King County (home of Seattle) is the second jurisdiction to take a step like this. In 2016, Portland, Oregon, banned all new fossil-fuel infrastructure, a measure that has since withstood court challenge.
State progress will eventually carry the feds along
What do all these recent developments tell us? First, the clean energy tide is unstoppable. The 19 states in the US Climate Alliance represent an enormous market that clean energy technologies are in no danger of saturating any time soon. There is nothing but running room, and as clean energy grows and gets cheaper, the market will expand.

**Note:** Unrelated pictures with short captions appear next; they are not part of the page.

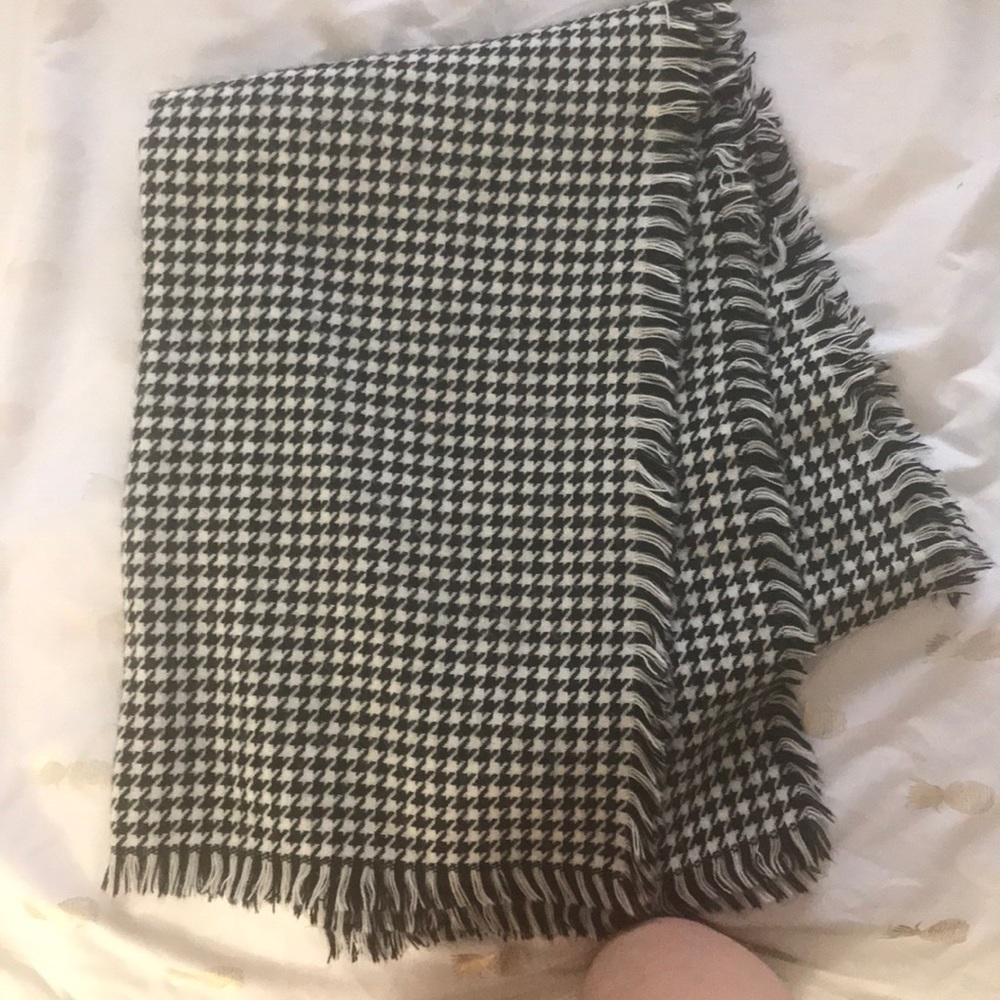 Houndstooth Scarf (Rectangular)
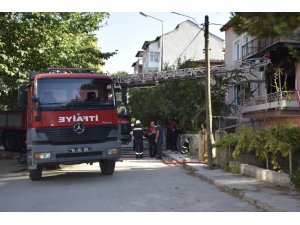 Burdur’da ev yangını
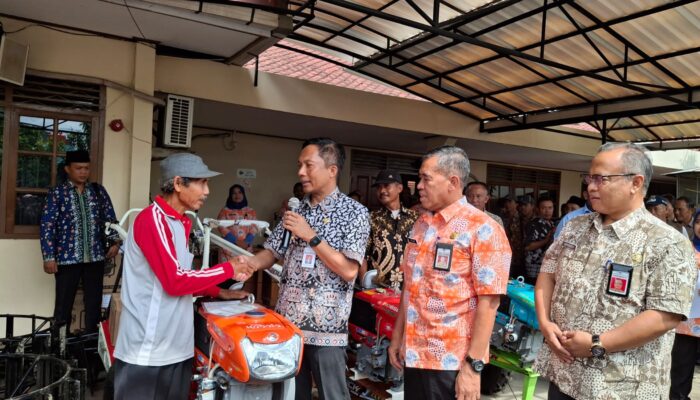 Dukung Program Areal Tanam Dispertan Cilacap Salurkan Bantuan Alat Mesin Pertanian
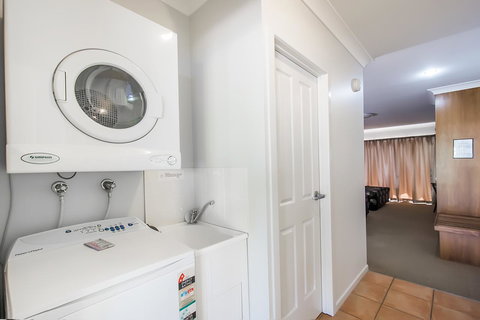 Shamrock Gardens Motel - Mackay Tourism 2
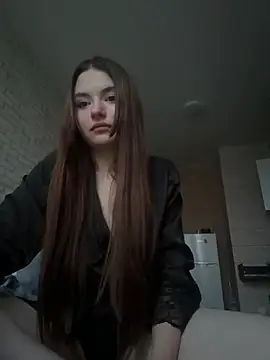 Snapshot of sexy-brunette77 chatting on June 10, 6:07 pm sexy-brunette77 online show from June 10, 6:07 pm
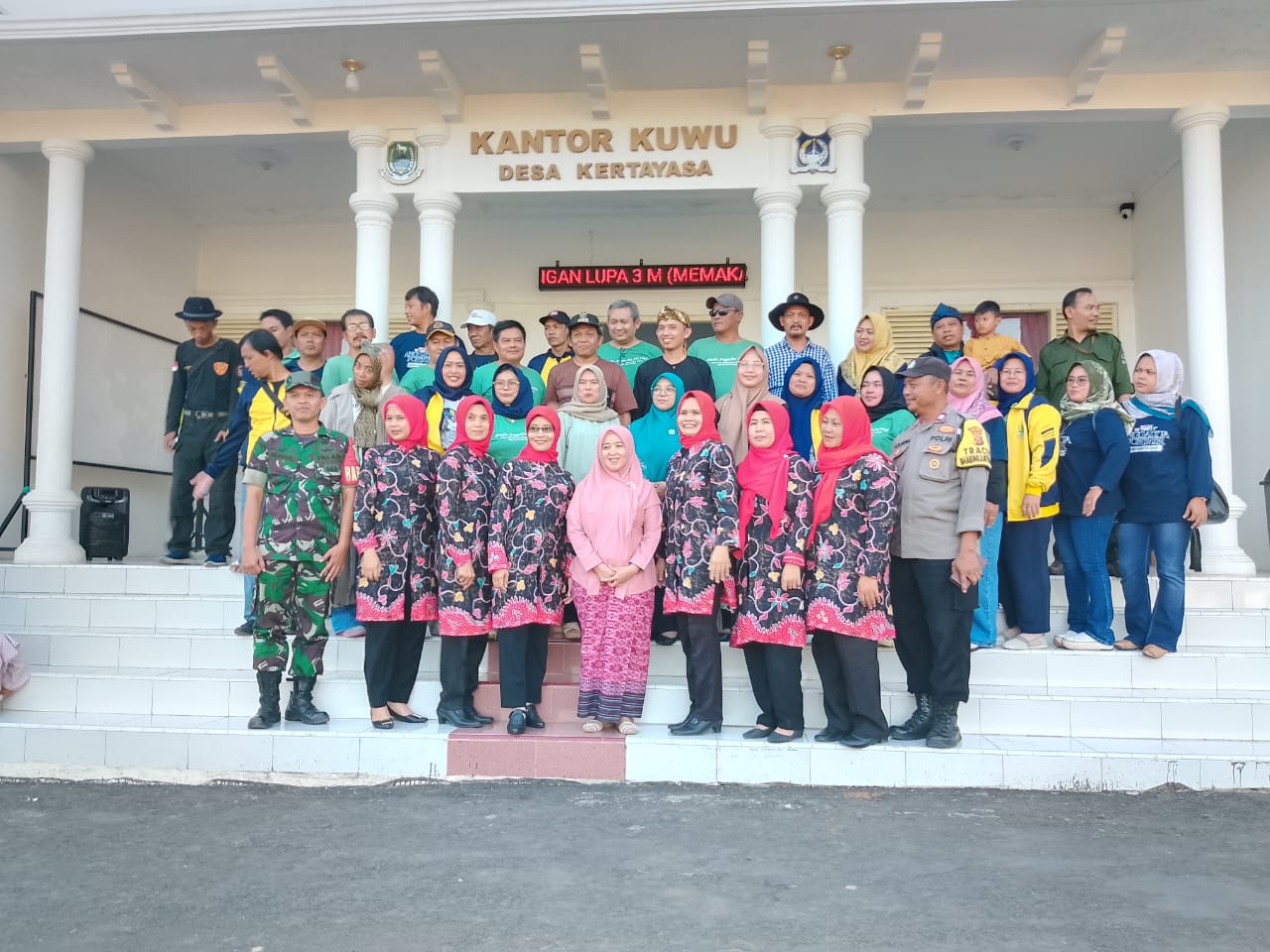 Perangkat Desa Anggadita Karawang Studi Tiru ke Kertayasa, Terapkan &ldquo;Smart Village&rdquo;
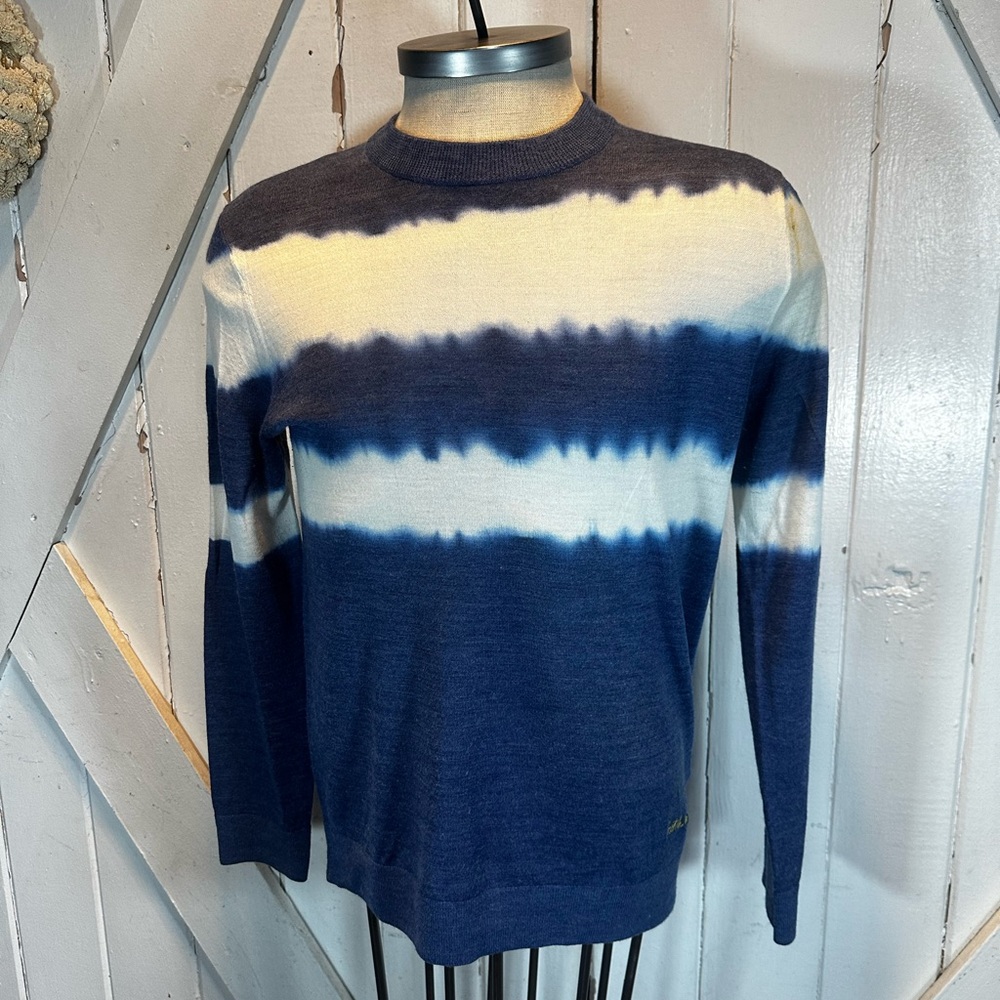 Men's Blue and White Spring Sweater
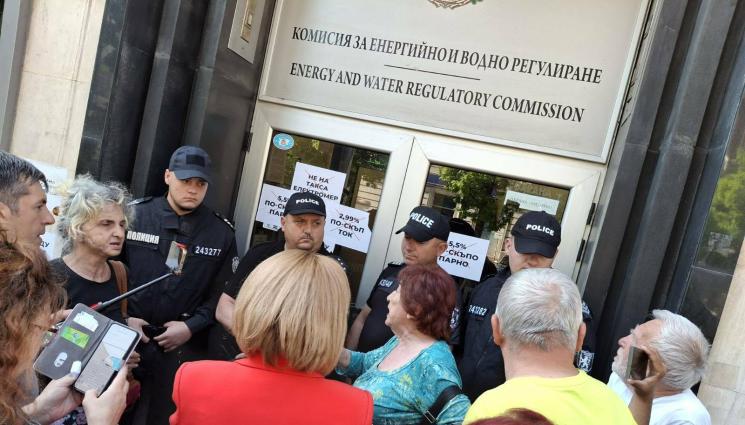 кевр - НАПУК НА ПРОТЕСТА: Вдигат ток и парно!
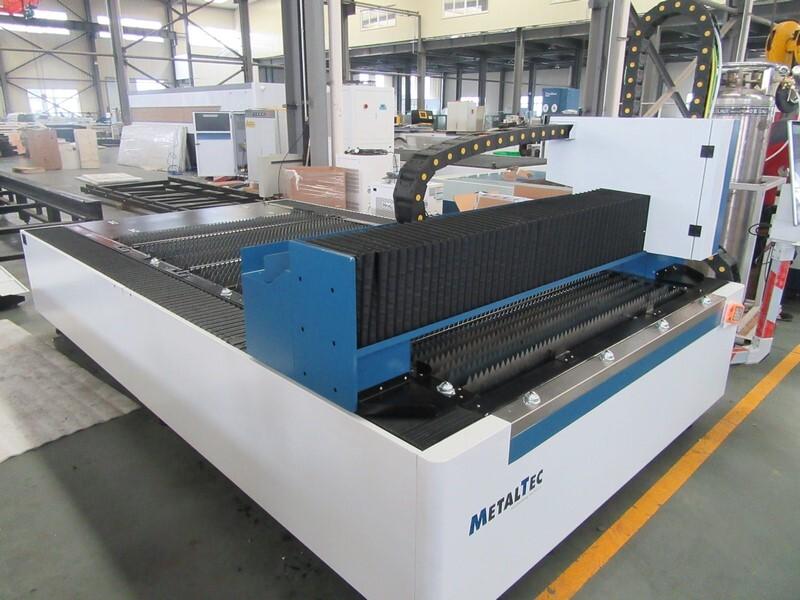 MetalTec 1530 S (1000W) оптоволоконный лазерный станок для резки металла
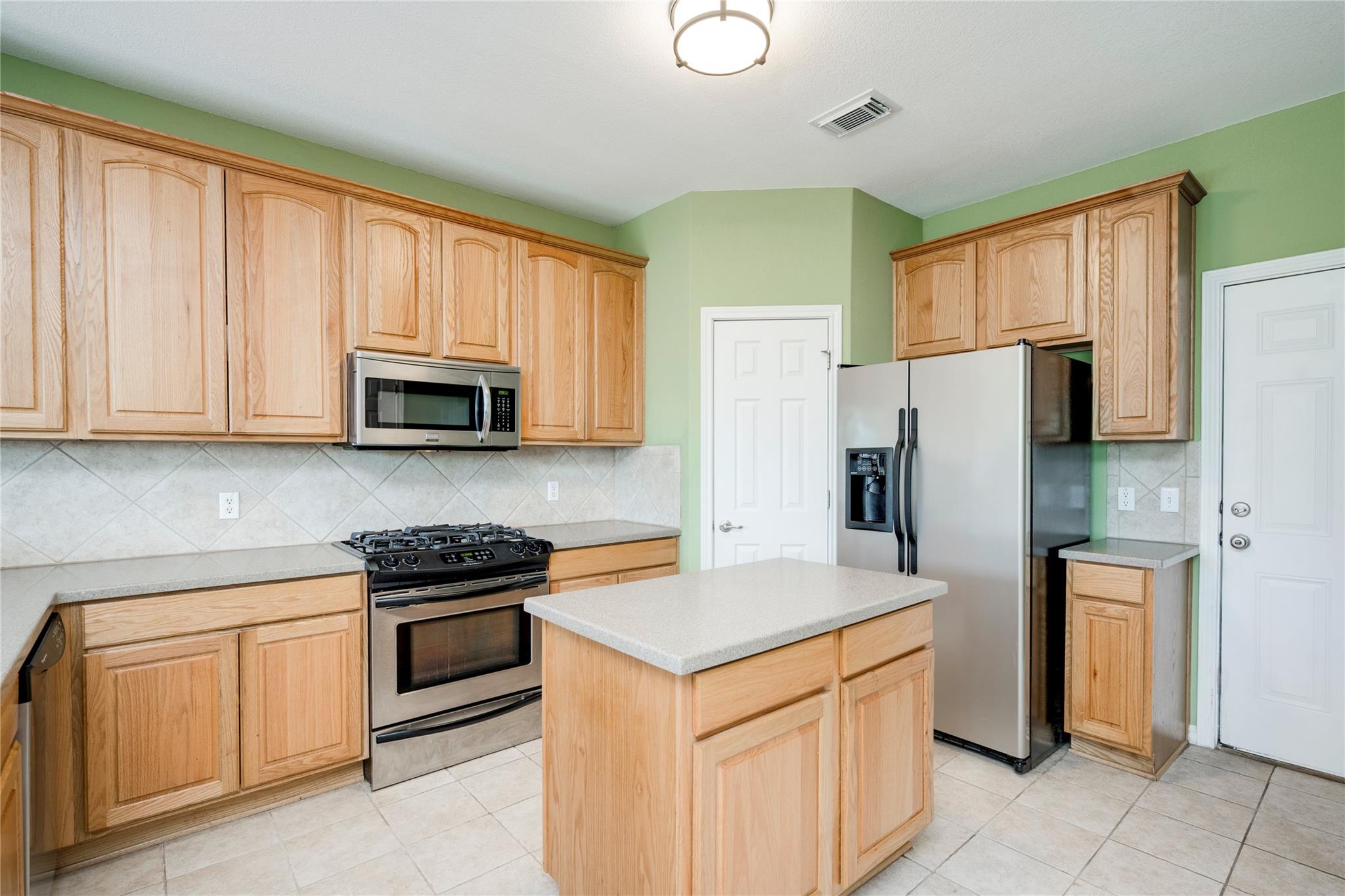 1101 Parmer LN #315 — photo 4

The call for 100 percent clean energy is practically Democratic orthodoxy at this point. And Trump’s wan attempts to save coal look sillier and sillier.
And as Portland and King County show, in the most liberal areas of the country, the fight against fossil fuel supply — the mines, wells, railroads, and export terminals — is growing faster than anyone expected. It doesn’t enjoy nearly the consensus that demand-side measures (like carbon pricing and clean energy mandates) do, but it is making remarkable strides. My prediction: It won’t be long before “keep it in the ground” is the new marker of lefty climate commitment.
There’s no way of knowing if these state policies will compensate for the lack of federal leadership on climate change. Most of the models show the US falling short of its targets.
But models don’t capture policies not yet passed, and they don’t often capture tipping points. As an increasing proportion of the US populace is represented by lawmakers who take climate change seriously, the rationale for holdouts is shrinking. The plutocratic wall of national resistance to sane climate policy cannot hold forever. And when it breaks, there will be a flood.